Abstract Information

O-83

A New Distributed Neuroprosthesis Enables Hand Grasp and Trunk Posture after Cervical Spinal Cord Injury

1Kilgore K, 1Hoyen H, 1Keith M, 2Triolo R, 3Bryden A, 2Lombardo L, 2Hart R, 2Miller M, 1Nemunaitis G, 3Peckham P
1MetroHealth Medical Center, Cleveland, OH, United states; 2Louis Stokes Cleveland Department of Veterans Affairs, Cleveland, OH, USA; 3Case Western Reserve University, Cleveland, OH, USA

Objective: Provide significantly increased functional ability and independence for individuals with cervical level spinal cord through the implantation of a modular networked neuroprosthesis that provides hand grasp opening and closing, overhead reaching, and trunk stability.

Design/Methods: We have developed an implantable network of modules, the “networked neuroprosthesis” (NNP), which is capable of stimulating paralyzed muscles throughout the body and recording myoelectric signals from muscles under voluntary control. Coordinated stimulation patterns can be programmed into the NNP to create functional movements on command. Using this system, we can provide motor complete cervical SCI individuals with grasp opening and closing, overhead reach, and trunk stability. The system also includes continuous temperature monitoring and 3-axis accelerometer data to record torso and upper extremity motion. The NNP system is implanted in a one- or two-stage surgical procedure. The recipient undergoes a three week period of decreased mobilization and then four weeks of muscle conditioning prior to initiating functional training and evaluation.

Results: The NNP System has now been implanted in three individuals with SCI to date. The implementation of the NNP with each individual is customized to their retained function, but generally involves placement of 20-24 stimulating electrodes in the trunk and one upper extremity. Control is provided by 1-2 myoelectric signal recording electrodes in voluntary muscles in the forearm, shoulder, and neck. The implanted power module is placed in the abdomen. The results have been positive, and all subjects have demonstrated improved functional use of their hand and trunk. Demonstrated activities include eating with a fork, writing, and getting items out of the refrigerator. We now have over one year follow-up with the first recipient. Adverse events have been limited but include the removal of one component of the system for the first subject due to a localized infection. Evaluation of all three subjects, as well as implantation of additional subjects, is ongoing.

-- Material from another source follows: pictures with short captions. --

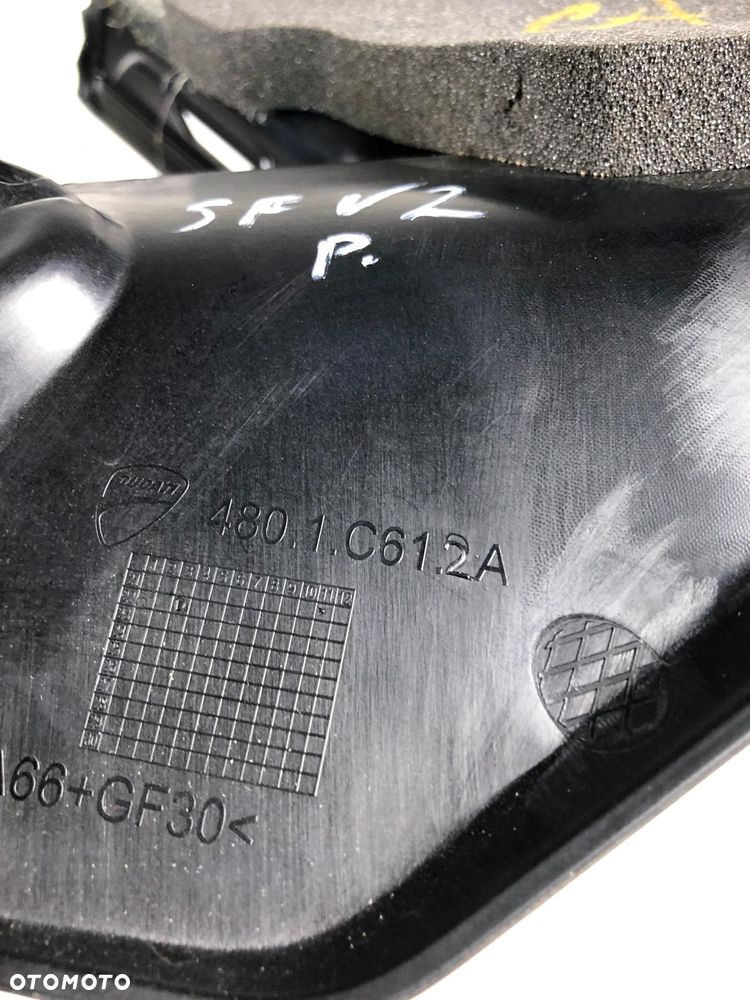 Ducati Streetfighter V2 Wypełnienie Bok Osłona - 9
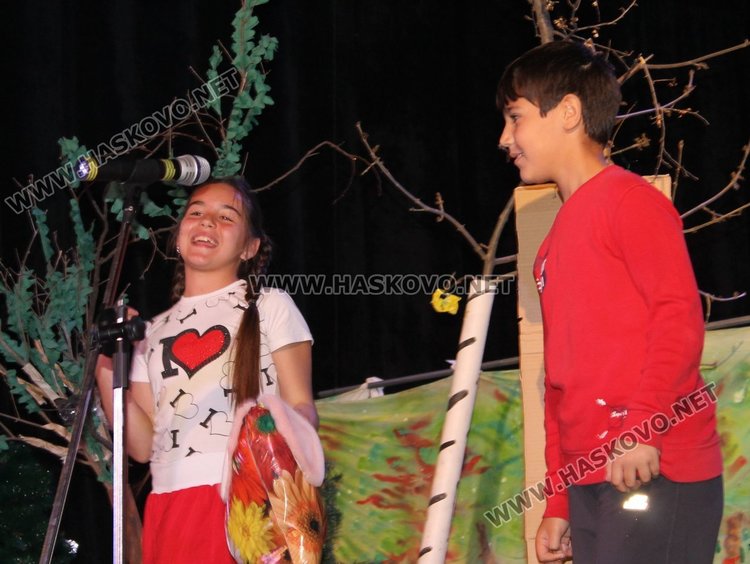 Малки актьори от СУ "Л.Каравелов" играха "Сърцето на гората"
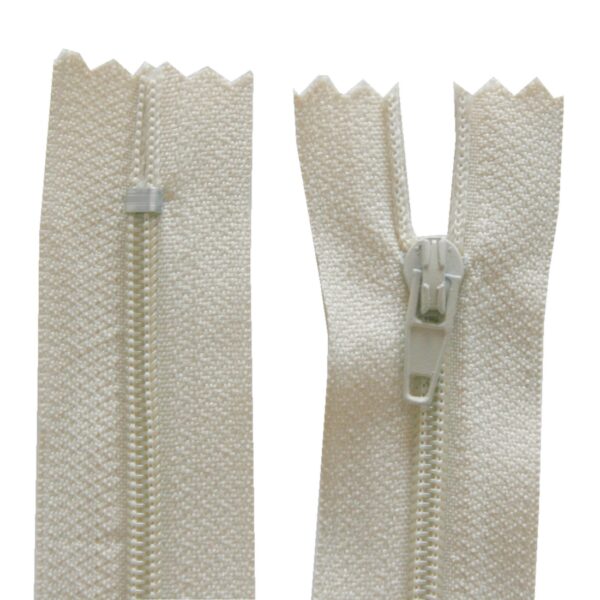 reiszverschluss-22-cm-spiralformig-nicht-trennbar-helllbeige-2226 Reißverschluss 22 cm spiralförmig nicht trennbar helllbeige (2226)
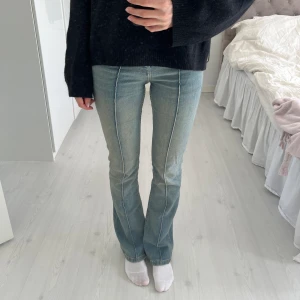 Jeans - Coola jeans med sträck framtill. Passar precis på mig i längden som är 166, hade önskat att de var lite längre så de inte ser korta ut när man har skor.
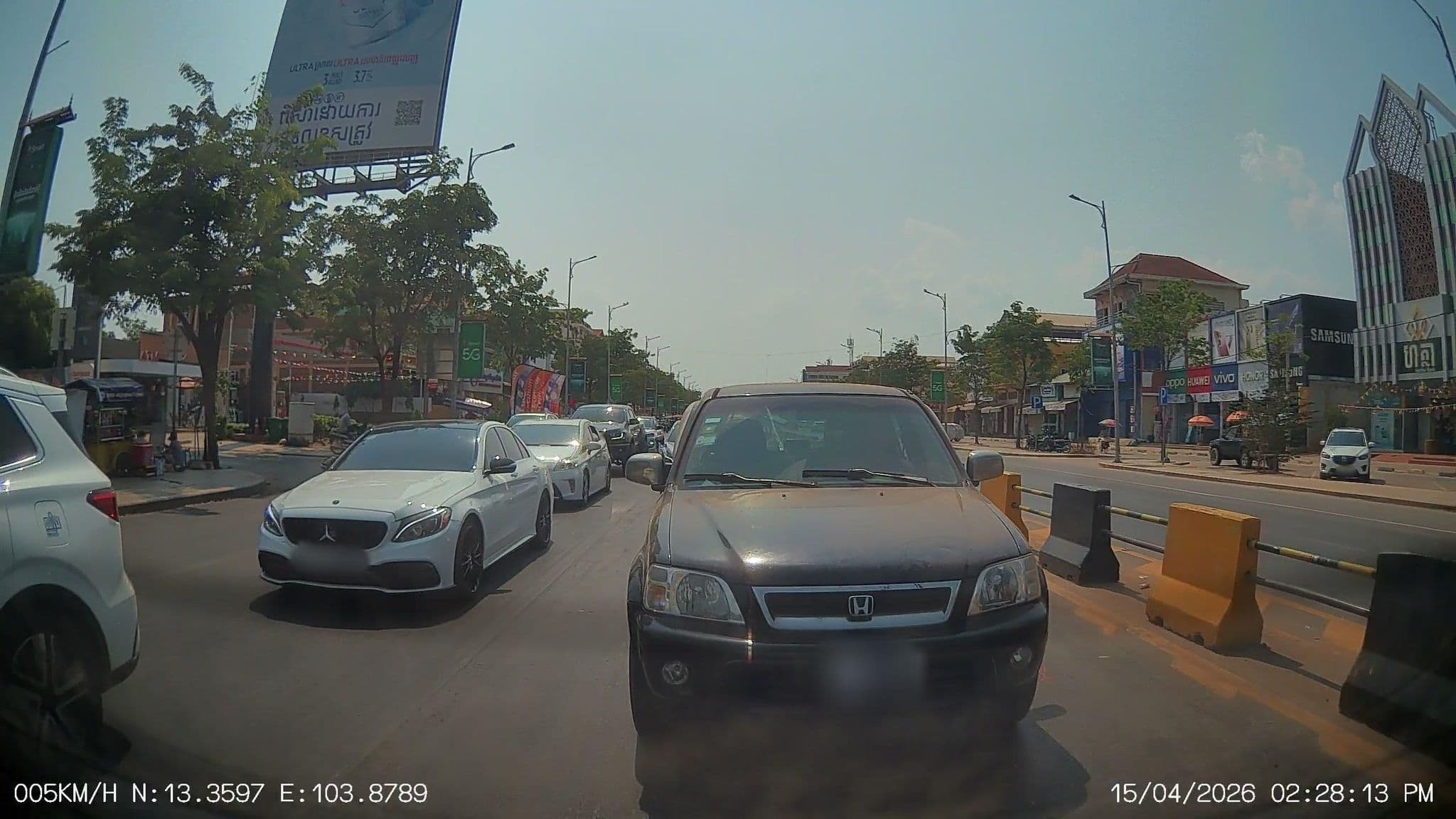 Street view near Starry Angkor Hotel, Siem Reap — © ThailandCambodia (CC BY-SA · Mapillary)
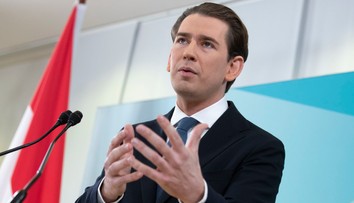 Bývalého rakúskeho kancelára Kurza obžalovali z nepravdivej výpovede pred parlamentným výborom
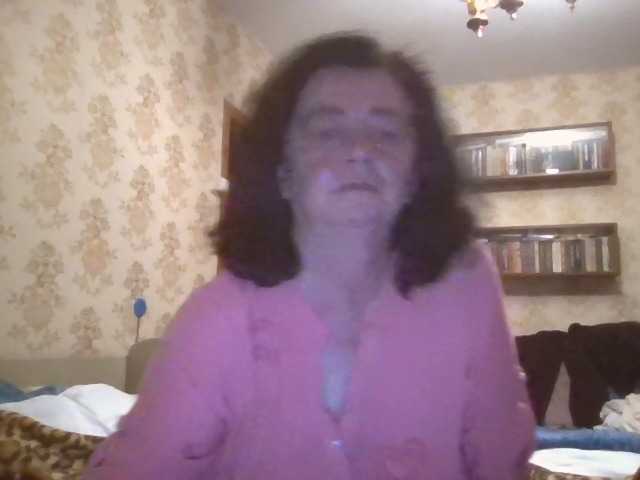 krisshurdlove live cam on BongaCams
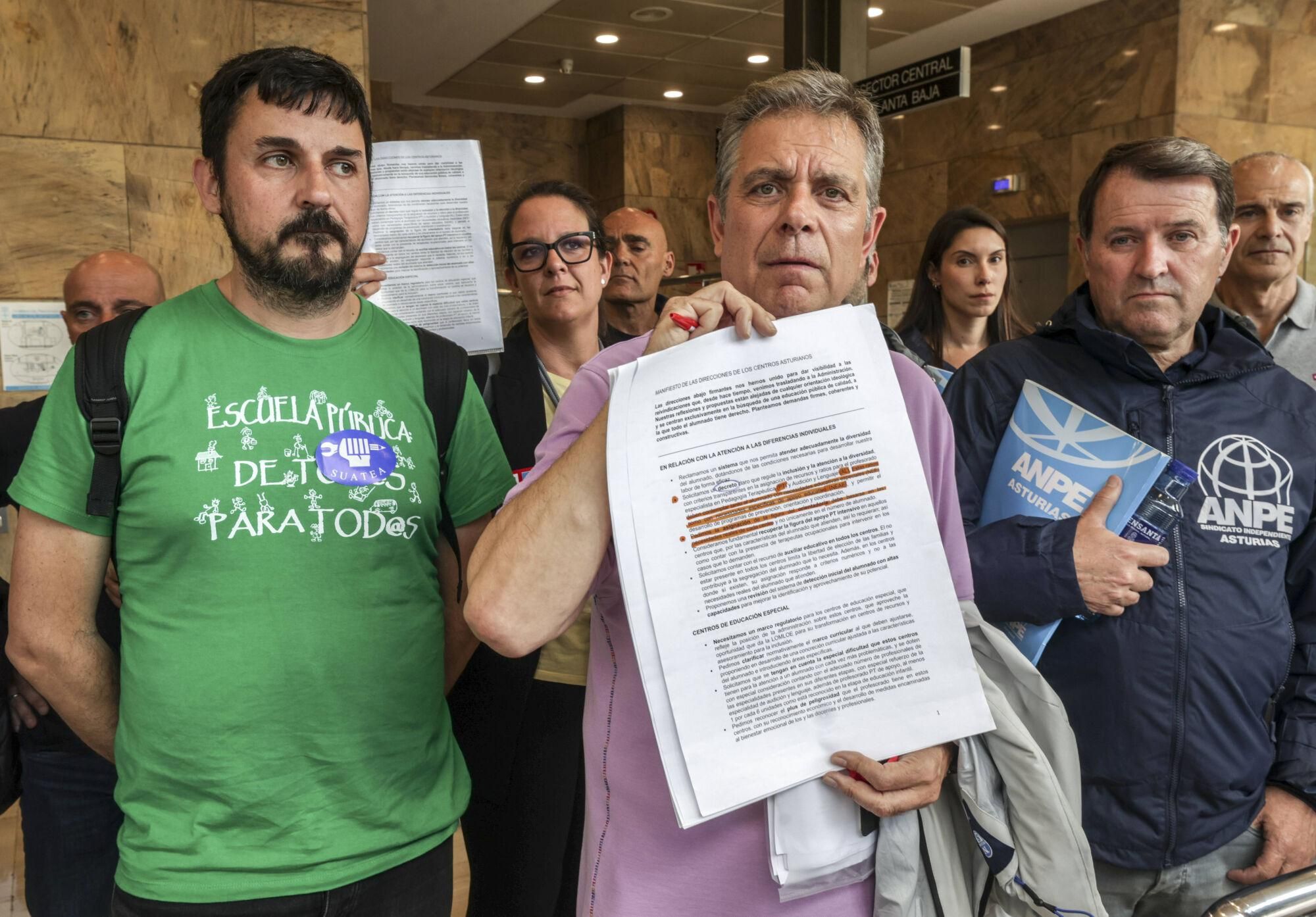 Concentración de los profesores durante la reunión de sindicatos y Principado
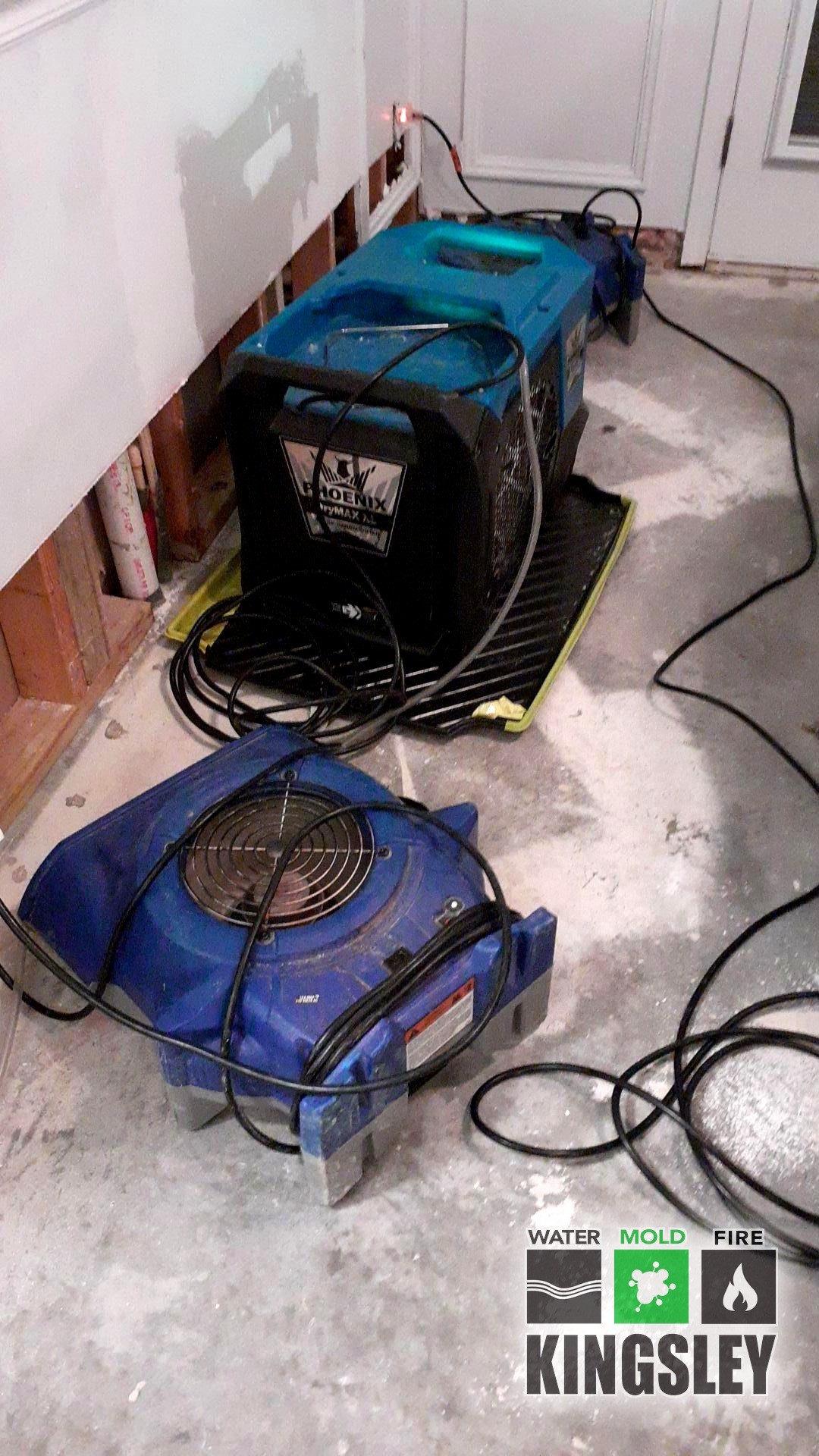 Weekend Pipe Break Wrecks Floors & Crawlspace restoration work documented in Red Bank, SC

Conclusion: The NNP is the first modular neuroprosthesis designed to provide multiple coordinated functions for individuals with SCI. This system provides increased functional ability of the hand, arm, and trunk. The system is fully implanted (no external components), freeing the user in their activities. The ability to customize the muscles targeted for stimulation and for myoelectric control is a significant advantage of the modular NNP concept.

Support: This work is supported by NIBIB (R01-EB-001740), NINDS (U01-NS-069517); VA RR&D (A1804R, B4853C, B6406R, and A6027R); DOD (SC090230 and SC130252); FDA Orphan Products (R01-FD-005409); The Paralyzed Veterans of America (Grant #2816); and the Craig H. Neilsen Foundation (#164569).